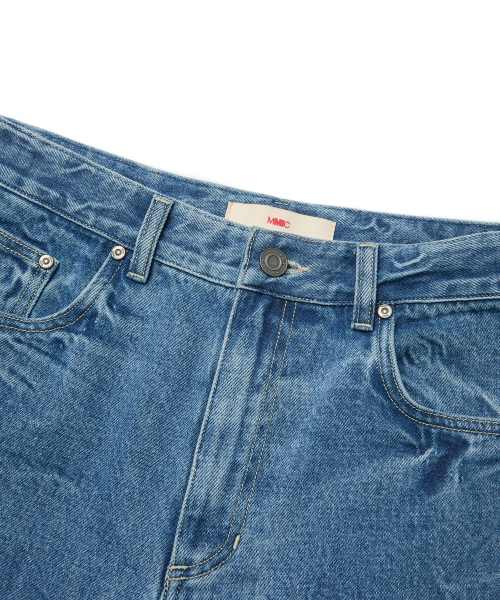 MMIC(エムエムアイシー)の「ROADIE JEANS (MID BLUE)(デニムパンツ・メンズ・その他・SMALL/MEDIUM/LARGE)」の2枚目の写真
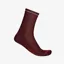 Castelli Premio Evo 18 Men's Socks - Bordeaux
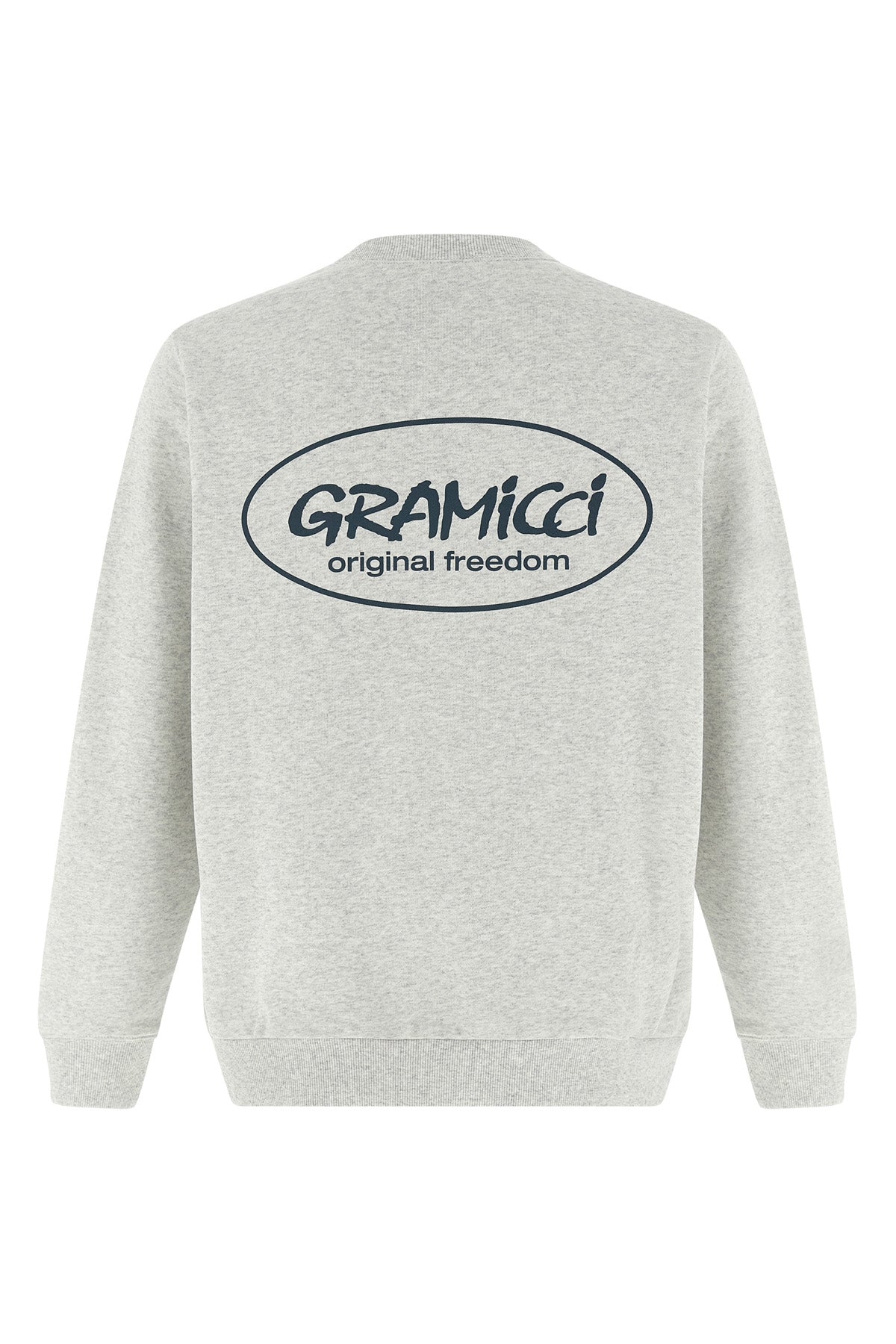 original freedom sweatshirt in mélange cotton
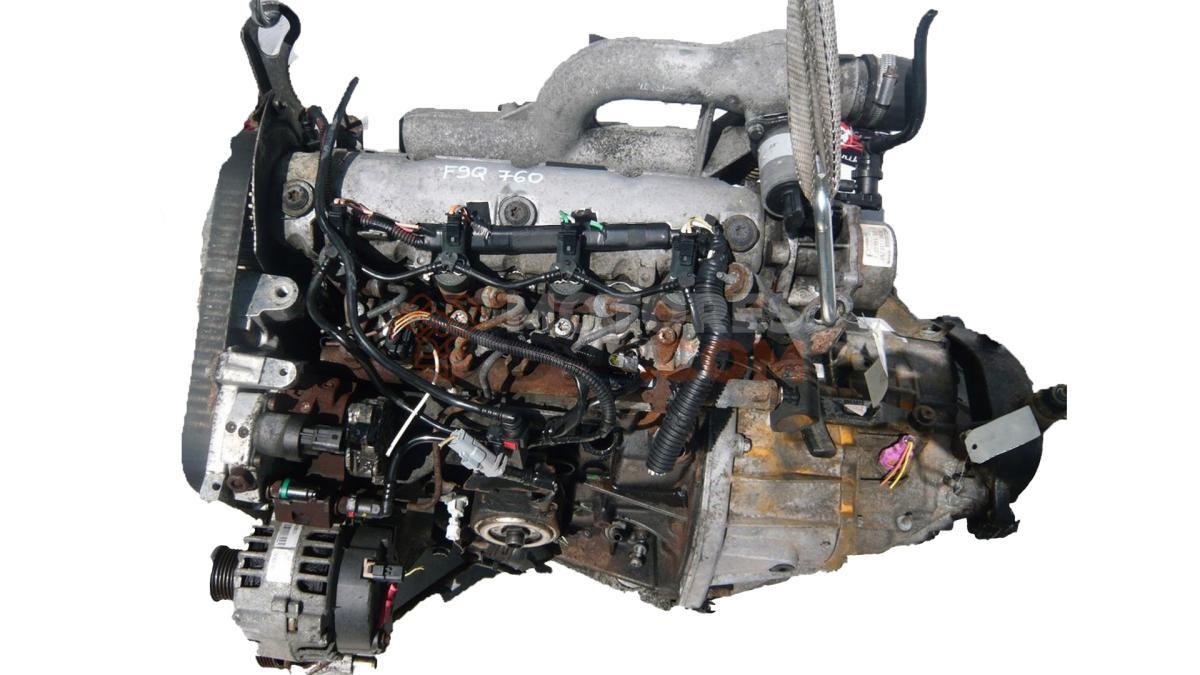 Motor f9q 760 Opel Vivaro A Tour 1.9 DI (120 cv)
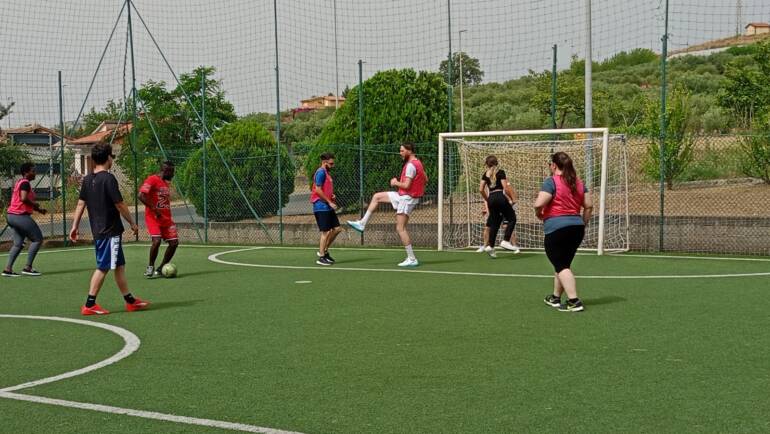 Football Match, l’evento sportivo della Medihospes per favorei l’inclusione a Firmo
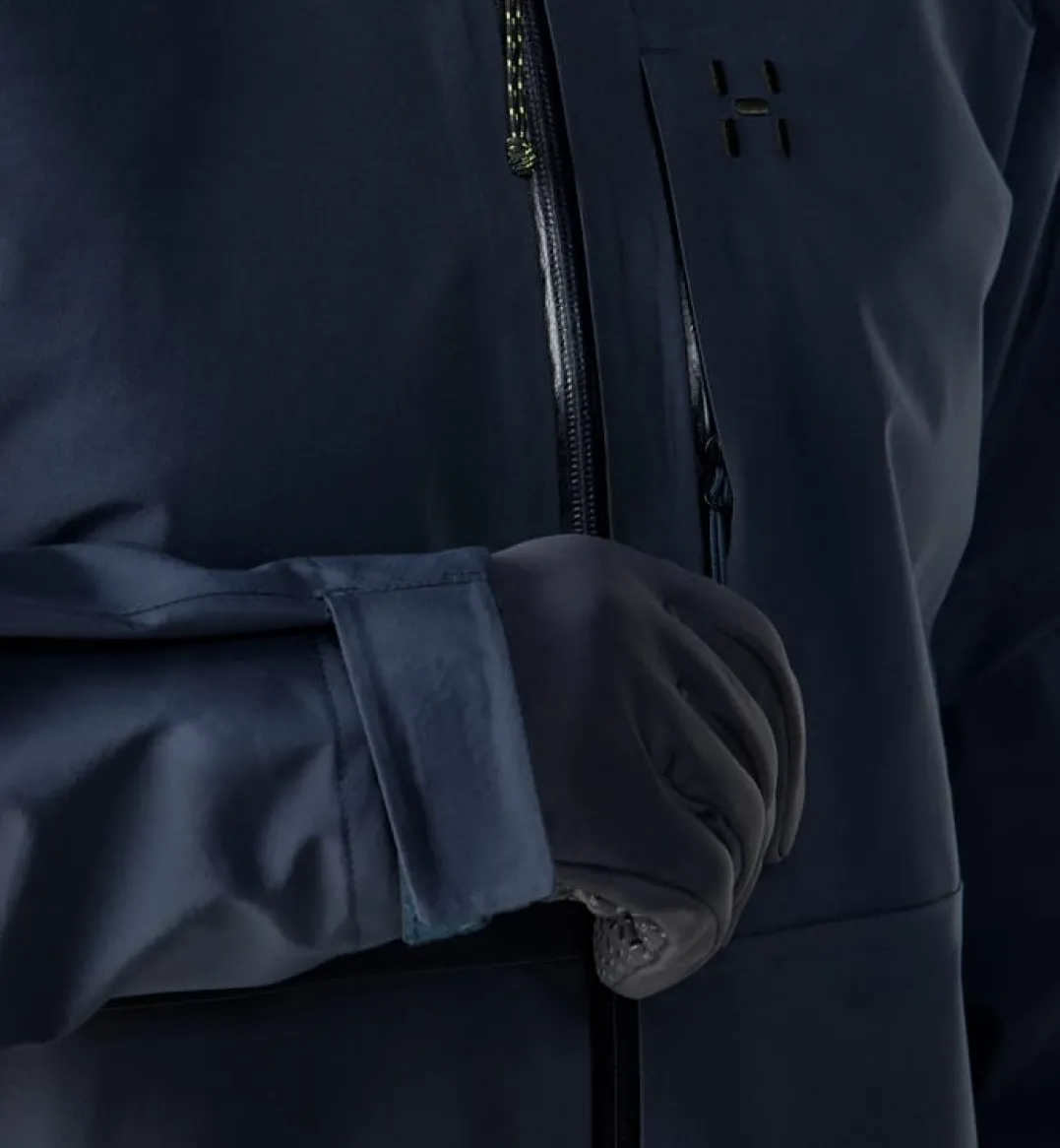 Haglöfs Front Proof Ii Jacket Men Tarn Blue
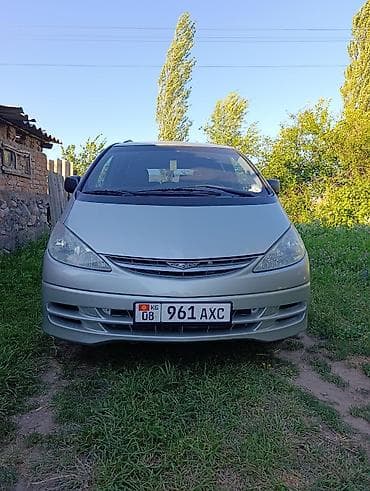 шторка атего: Toyota Avensis Verso: 2000 г., Минивэн — 9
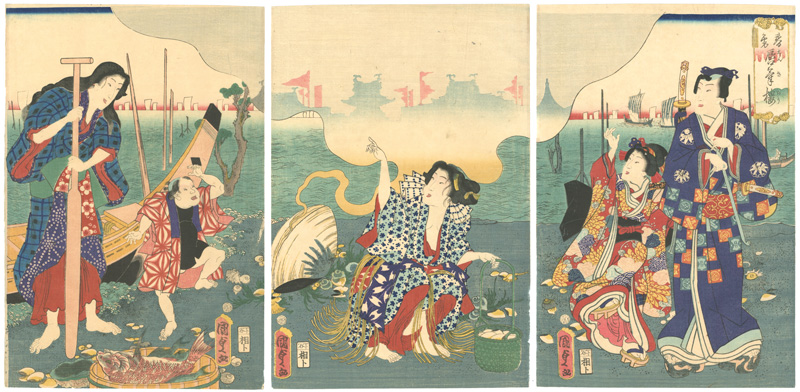 Kunisada II “春季 蜃気楼”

○ ○ ○ ○ ○

Assigned task: Give an exact copy of the entries, excluding all pictures.

Final answer:
 MMIC(エムエムアイシー)の「ROADIE JEANS (MID BLUE)(デニムパンツ・メンズ・その他・SMALL/MEDIUM/LARGE)」の2枚目の写真
 Castelli Premio Evo 18 Men's Socks - Bordeaux
 original freedom sweatshirt in mélange cotton
 Motor f9q 760 Opel Vivaro A Tour 1.9 DI (120 cv)
 Football Match, l’evento sportivo della Medihospes per favorei l’inclusione a Firmo
 Haglöfs Front Proof Ii Jacket Men Tarn Blue
 шторка атего: Toyota Avensis Verso: 2000 г., Минивэн — 9
 Kunisada II “春季 蜃気楼”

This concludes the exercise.